I have an old Seagate ST251 MFM drive that just croaked. While booting
up it made some horrendous "clacking" noises and now I get a drive
failure indication when booting up. It defaults and then I can boot
off a floppy and still get into C: (the first partition) The problem
and where my needed data is drive d and although the drive is there
doing a dir gets you a data error message. Scandisk can't touch it and
Norton says that the FAT is bad and only a low level format can
correct this.


There are two copies of the FAT. If only one copy is damaged, and if
the file system is otherwise intact, then it should be possible to
retrieve all your files.

Well if I wanted to do a format I wouldn't be interested
in retrieving my data. The OS is DOS 6.2. Does anyone know of a good
utility that I can down load in DOS and that will work with DOS and
give me at least a prayer of getting my data back? And if its a free
utility all the better. Thanks, Lenny Stein, Barlen Electronics.

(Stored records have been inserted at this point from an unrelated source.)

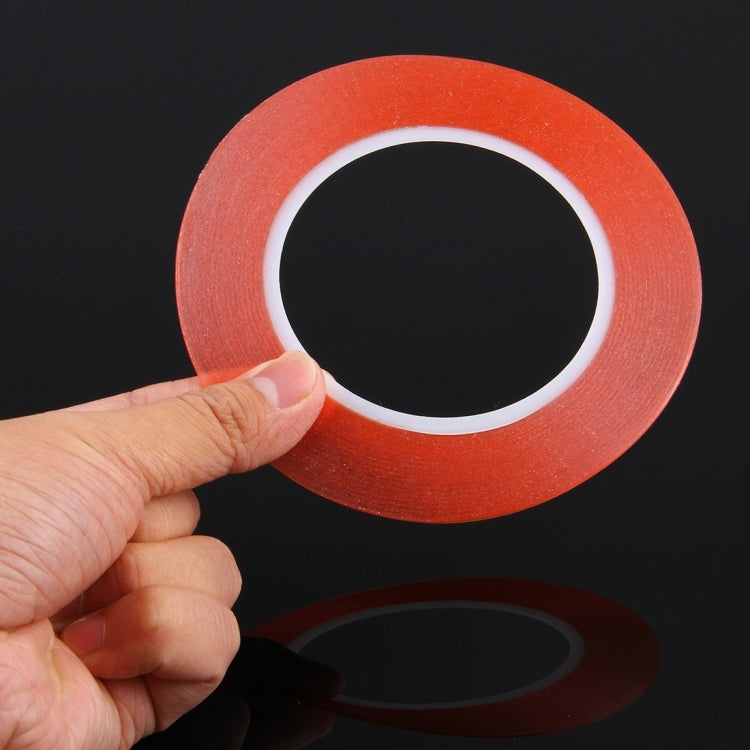 Double Sided Adhesive Sticker Tape, Length: 25m, 1mm Width, 2mm Width, 3mm Width, 5mm Width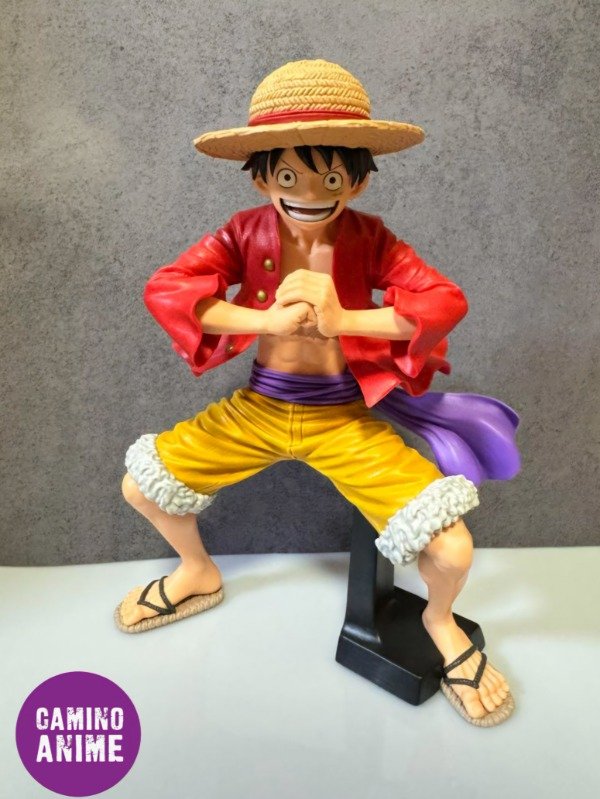 Producto - ONE PIECE LUFFY 21CM (4442)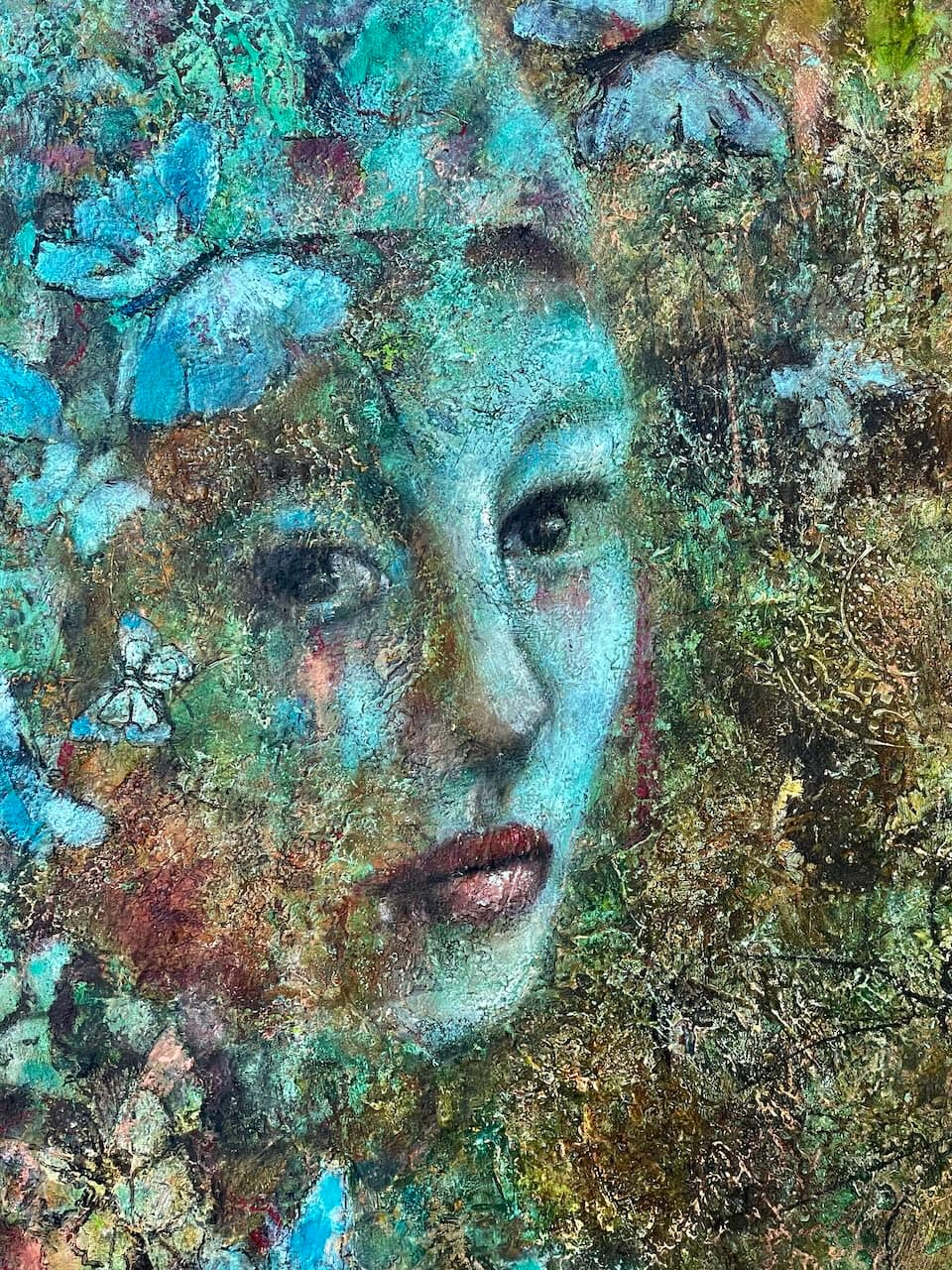 Butterfly Lady thumbnail 2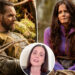 A estrela de 'Yellowjackets, Ashley Sutton, diz que foi' muito divertido 'assassinar Joel McHale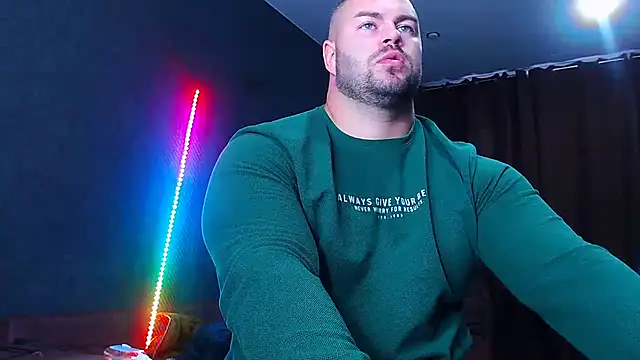 muscularjohnforuX online show from 3, 10, 2025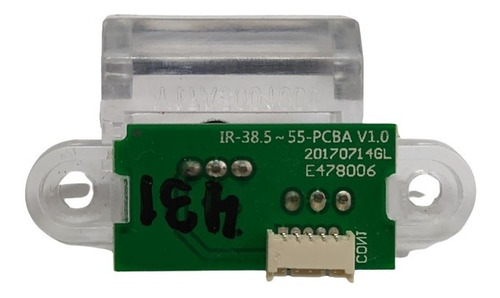 Sensor Infrarojo Polaroid Ptv55174kiled Ir-38.5-55-pcba V1.0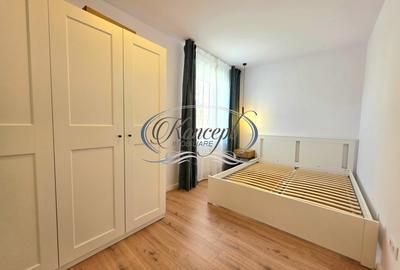 Apartament cu 2 camere semidecomandat, mobilat în Central - 8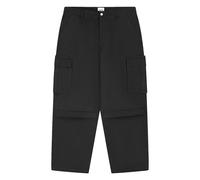 Arte Antwerp - Cargo Ribstop Pants - Homme - Pantalons - Noir - Taille: W34
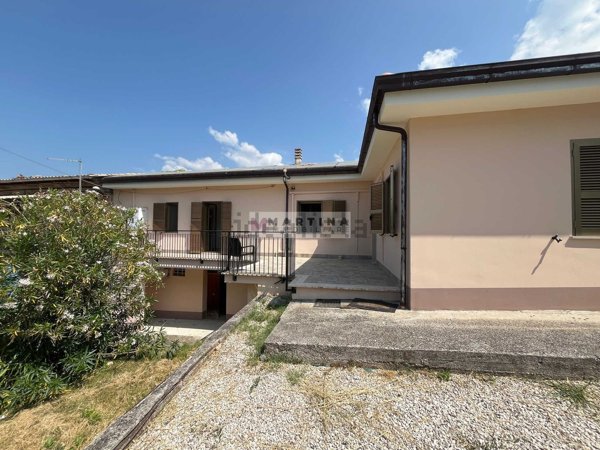 casa indipendente in vendita a San Donato Val di Comino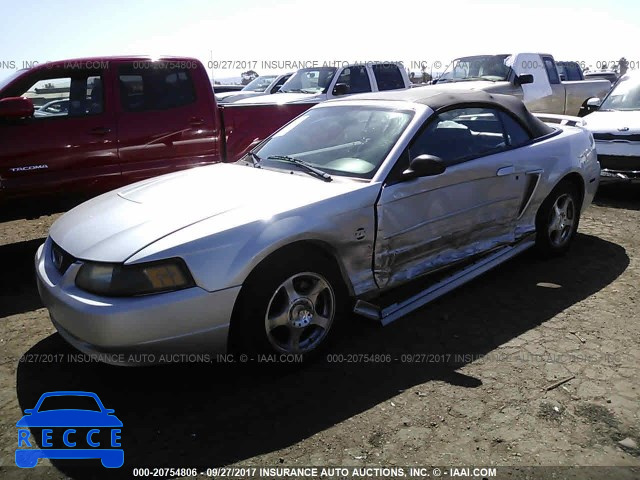 2004 Ford Mustang 1FAFP446X4F220556 image 1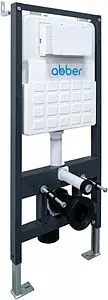 Инсталляция для подвесного унитаза Abber AC0105 Инсталляция для подвесного унитаза Abber AC0105, 1
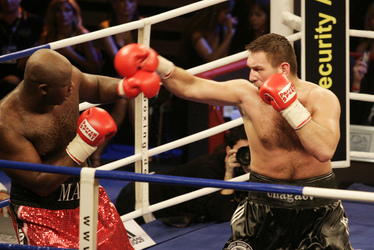 Matt Skelton, Ruslan Chagaev / Ruslan Chagayev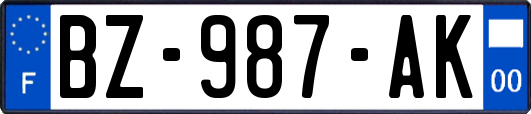 BZ-987-AK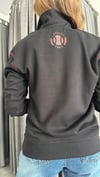 lcst model siyah unısex sweat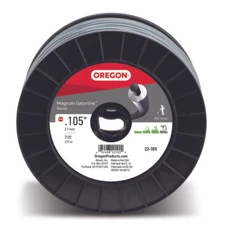 22-105 Oregon Round Magnum Gatorline Trimmer Line 0.105" 3 lb. Spool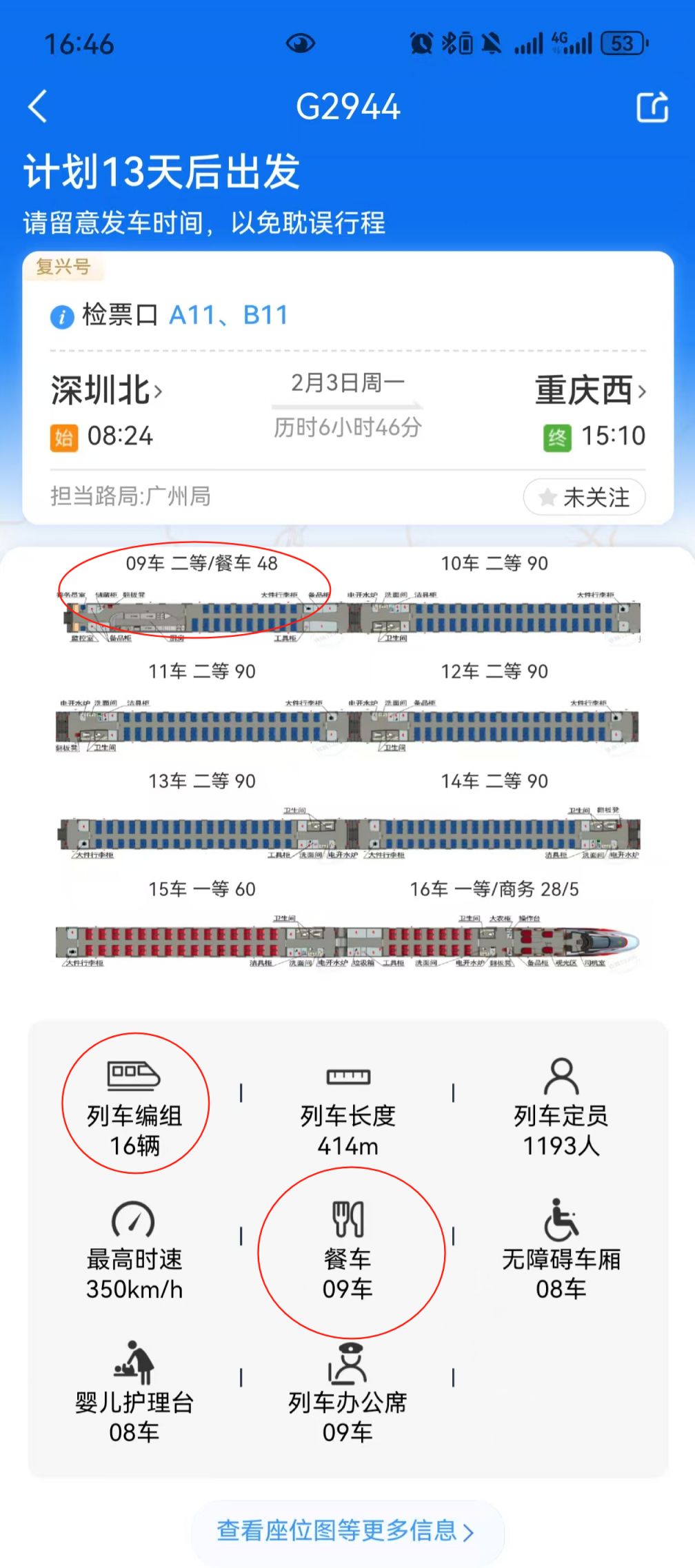 餐車免費坐的5個標準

I'd run Norton's Diskedit in maintenance mode and backup the D:
partition (20MB ???) to a stack of floppy diskettes in sector mode.
I'd then create a partition on a new HD and use Diskedit to transfer
the backed up sectors to this new partition. Scandisk or Norton should
then be able to repair the damaged FAT.

- Franc Zabkar
--
Please remove one 'i' from my address when replying by email.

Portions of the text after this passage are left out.